No one is quite sure what to expect when the College Football Playoff selection committee makes its selections for this year's inaugural four-team tournament. But if they think the choices will follow the national polls, Barry Alvarez says to think again.
In a lengthy interview with ESPN.com, Alvarez offered some insight into the criteria he'll be looking at throughout the football season. While the former Wisconsin head coach and athletic director says that he glances at the AP and USA Today Top 25 polls, he insisted that they aren't meaningful in helping him rank the country's best teams.
Alvarez also said that margin of victory is too simplistic a metric to use in judging a team. Instead, he'll look at the relative performances of offensive and defensive units.
That means assessing not just how much one team scores in a game, but rather how many points were scored relative to the average allowance of the opposing defense.

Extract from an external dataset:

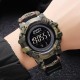 Чоловічий тактичний годинник Skmei 1384NCMAG Camo Green з компасом та паракордовим ремінцем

Alvarez is somewhat of a living legend in college football. He's Wisconsin's most successful head coach, and he guided the program to continued success as the school's athletic director. A member of the College Football Hall of Fame, Alvarez's name was one of the first mentioned when the playoff committee was first established.
Alvarez won't abstain from polls entirely: The playoff committee will start putting theirs out weekly in the second half of the season. The former coach said he's glad they are waiting until late October to start publishing polls, giving him and other committee members time to sort the contenders from pretenders.
Also worth noting is that committee members have latitude in how they choose to judge respective teams. Each has an array of tools they can use to evaluate teams throughout the season, including access to coach game tape and condensed broadcasts of each game, which let the committee members watch an entire game in just an hour.
The first committee poll will be released on Oct. 28. Fans should brace for fireworks: While the playoff was designed to remedy some of the controversy created by the BCS, the subjective nature of the committee's decision-making process seems to set the stage for familiar controversy -- only now in a slightly different form.